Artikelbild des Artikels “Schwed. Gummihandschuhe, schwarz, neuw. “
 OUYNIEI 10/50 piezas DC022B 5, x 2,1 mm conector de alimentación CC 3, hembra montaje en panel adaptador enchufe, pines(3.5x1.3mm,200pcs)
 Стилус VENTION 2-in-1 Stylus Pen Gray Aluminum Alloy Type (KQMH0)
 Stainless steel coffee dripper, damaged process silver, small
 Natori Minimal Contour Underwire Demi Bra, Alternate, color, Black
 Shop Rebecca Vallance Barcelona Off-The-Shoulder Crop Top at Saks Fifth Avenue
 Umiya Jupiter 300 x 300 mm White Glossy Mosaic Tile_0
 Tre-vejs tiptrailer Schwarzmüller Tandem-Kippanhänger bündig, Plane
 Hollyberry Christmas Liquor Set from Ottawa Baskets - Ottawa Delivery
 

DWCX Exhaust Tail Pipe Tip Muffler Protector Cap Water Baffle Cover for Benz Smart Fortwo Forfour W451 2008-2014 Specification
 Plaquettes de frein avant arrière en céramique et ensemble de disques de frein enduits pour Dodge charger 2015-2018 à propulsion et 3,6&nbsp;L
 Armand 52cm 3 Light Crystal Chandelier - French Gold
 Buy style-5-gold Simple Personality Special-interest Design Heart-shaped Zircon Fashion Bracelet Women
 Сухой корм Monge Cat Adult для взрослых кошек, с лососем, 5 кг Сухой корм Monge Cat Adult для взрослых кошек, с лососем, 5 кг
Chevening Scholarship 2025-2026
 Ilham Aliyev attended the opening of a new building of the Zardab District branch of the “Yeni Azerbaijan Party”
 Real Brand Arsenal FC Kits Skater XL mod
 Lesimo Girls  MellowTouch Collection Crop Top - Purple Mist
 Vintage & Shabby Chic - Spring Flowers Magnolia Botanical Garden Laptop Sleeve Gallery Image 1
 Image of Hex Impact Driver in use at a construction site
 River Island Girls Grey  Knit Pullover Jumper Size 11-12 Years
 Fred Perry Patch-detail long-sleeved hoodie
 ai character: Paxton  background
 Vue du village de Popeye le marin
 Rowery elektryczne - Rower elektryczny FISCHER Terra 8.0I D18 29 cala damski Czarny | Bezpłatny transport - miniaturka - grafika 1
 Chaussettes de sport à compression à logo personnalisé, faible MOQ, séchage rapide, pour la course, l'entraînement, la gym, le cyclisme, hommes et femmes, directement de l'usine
+-------+
▸ Task requirements
Which lines run from the one holding "- Purple Mist" through the end of the data? Write them out exactly, ends included, and add nothing.

▸ Answer section
 Lesimo Girls  MellowTouch Collection Crop Top - Purple Mist
 Vintage & Shabby Chic - Spring Flowers Magnolia Botanical Garden Laptop Sleeve Gallery Image 1
 Image of Hex Impact Driver in use at a construction site
 River Island Girls Grey  Knit Pullover Jumper Size 11-12 Years
 Fred Perry Patch-detail long-sleeved hoodie
 ai character: Paxton  background
 Vue du village de Popeye le marin
 Rowery elektryczne - Rower elektryczny FISCHER Terra 8.0I D18 29 cala damski Czarny | Bezpłatny transport - miniaturka - grafika 1
 Chaussettes de sport à compression à logo personnalisé, faible MOQ, séchage rapide, pour la course, l'entraînement, la gym, le cyclisme, hommes et femmes, directement de l'usine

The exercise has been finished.